The dogmas of the quiet past are inadequate to the stormy present.
Abraham Lincoln
This book will teach you a new way to think about our past, present, and future.
We all have little models in our heads of how the world works. Those models needn’t be complicated. For example, one might be that if you push on a rock and it moves a little, then if you push harder it’ll move more. We then reason by analogy that if a government is trying to do something, and if a little money does a little good, then a lot of money will do even better. Such models can work, but they also often fail. For example, the United States has spent a lot of money on integration. Today, housing there is about as segregated by skin color as it was in 1968. Britain, too, has spent a lot on integration. Today, segregation by income and education there is about the same as it was in 1970. Australia has also pushed integration. Today, opportunity there is about the same as it was 40 years ago. If we really understood how we work, how come so much effort has made so little difference?
Our usual stories of how we work focus on individuals, not groups. We often imagine, for instance, that if most of us want something to change then that change must happen. That works in reverse too. We imagine that if something changes then most of us must first have wanted it to change. For example, many of us imagine that women’s lives have changed over the past two centuries because a few heroic women got together and made them change. But if that’s all it took why didn’t some heroic women do that thousands of years ago?

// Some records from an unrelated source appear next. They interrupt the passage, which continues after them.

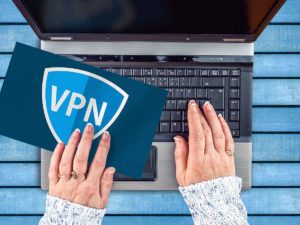 VPN freelancer typing on laptop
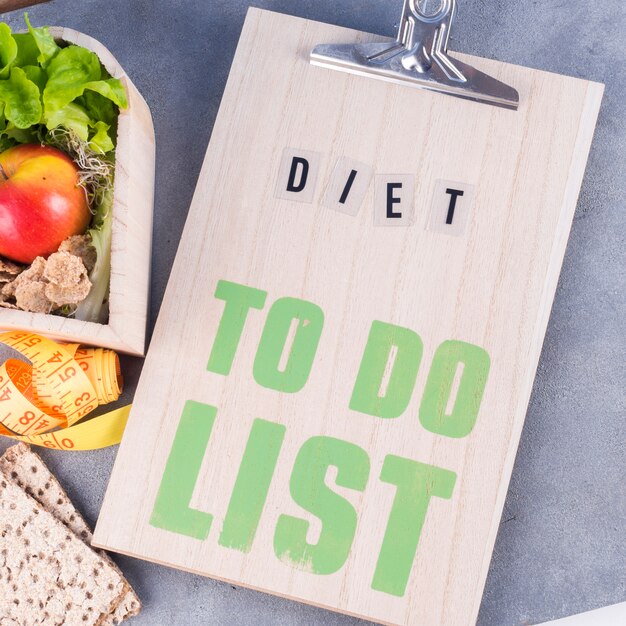 Diet To do list with healthy food on table 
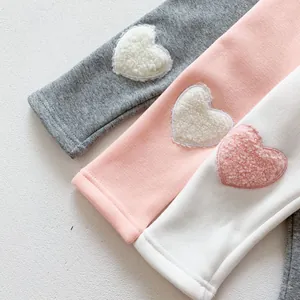 Detail of warm winter baby leggings showing velvet heart embroidery on various colors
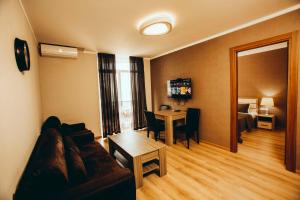 a living room with a couch and a table at Panorama Sea Tower in Batumi
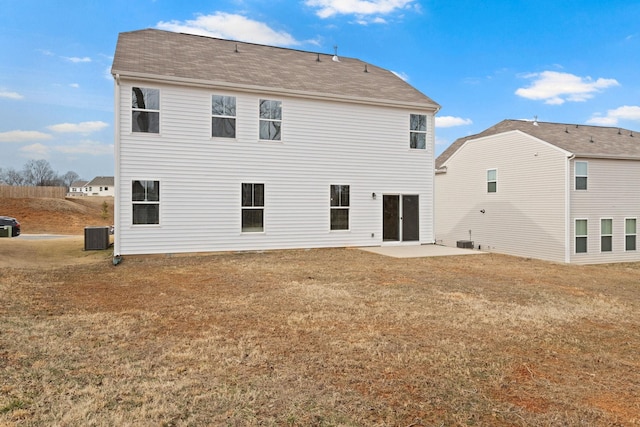 back of house featuring a patio, central air condition unit, and a lawn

A group needn’t behave the same way as its set of individuals—the whole needn’t be the sum of its parts. A group can act differently than any of its parts might wish to act because the group itself can, in a sense, be an actor. That super-actor is the network that the various separate actors form. What it ‘wants’ is often more important than what any of its parts might want. It’s as if there’s one kind of physics for each of us, but a whole different physics for us together. If you run off a cliff, you’ll fall. But if a cartoon runs off a cliff, it can’t fall. It first has to notice that it’s in midair, then it has to look at the camera for that last desperate second, then it falls.
Today, scientists in a new field called ‘complex systems’ are giving concrete meaning to that idea of group physics. Understanding that physics is especially important today because our technology is now changing so fast that we need more accurate models about how we work simply to survive our coming changes. Those potential changes likely won’t be much like the usual calamities or utopias. They have little to do with climate change, nuclear terror, or shinier doodads. They’re deep changes in how we work together. Now, normally when you hear that kind of thing some political talk follows. Often the next sentence starts with ‘Join me’ and ends with some slogan like ‘Moral Rebirth,’ ‘Communist Utopia,’ or perhaps even ’Thousand-Year Reich.’ But this book is an attempt at a work of science. It has little to do with political change, self-sacrifice, or central control. It’s about material things and material life and the network forces that move us without our even being aware of them. It’s about how we swarm.